Japan: Mitsubishi Electric Corporation has announced to launch a new model of its Mitsubishi Mobile Mapping System, the MMS-G220, a highly accurate measuring system that uses car-mounted GPS antennas, laser scanners and cameras. The system gathers 3D positioning data of road surfaces and roadside features to an absolute accuracy of 10 centimeters, allowing the creation of comprehensive 3D maps to the level of accuracy needed to support autonomous driving.
The new model will initially be offered in overseas markets from October. Offering an integrated, easily mountable, and detachable solution, thus enabling compatibility with numerous car types, the new model is expected to be deployable in a wide range of applications, such as autonomous driving systems and the precise surveying of infrastructure. The company intends to develop business overseas and also expects to release this system in Japan by the year 2017.
The detachable roof-mounted main unit is smaller and lighter than existing models while maintaining the same level of accuracy, allowing broader usage and mounting on a variety of car types. Its improved portability will also facilitate periodic maintenance and inspection.
The previous model required various equipment to be set up inside the vehicle. Integrating this equipment results in a reduction in power consumption, increased operability and more efficient collection of data. Improvement in operability and easier data portability are achieved through the combination of monitors and keyboards with a high-performance laptop and the utilization of high-speed USB connectivity.
Additional software reduces the number of on-roof equipment, while retaining similar capabilities to those of the current model but with lower power consumption, making it possible to power the system from the in-car cigarette lighter socket. The integration of in-vehicle equipment enables simplified wiring, leading to easier installation and more convenient operation.
One market where the company expects to introduce the new system is Korea, where, similarly to Japan, autonomous driving projects are currently under development, resulting in increased demand for the MMS technology that creates the high precision 3D maps needed to support autonomous driving. The system will also make use of Japan’s Quasi-Zenith Satellite System (QZSS), which will commence full service in 2018.
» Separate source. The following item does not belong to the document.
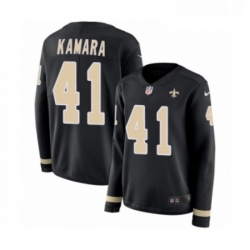 Womens Nike New Orleans Saints 41 Alvin Kamara Limited Black Therma Long Sleeve NFL Jersey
The QZSS will be formed from a constellation of Japan’s positioning satellites, developed by Mitsubishi Electric, which will be in geosynchronous orbit with an inclination of 45 degrees in order to pass near their zenith over Japan and also pass above the Asia-Oceania region, thus providing seamless service regardless of geography. They will significantly improve the accuracy of positioning in areas where signals from GPS satellites cannot be clearly received due to skyscrapers or natural terrain.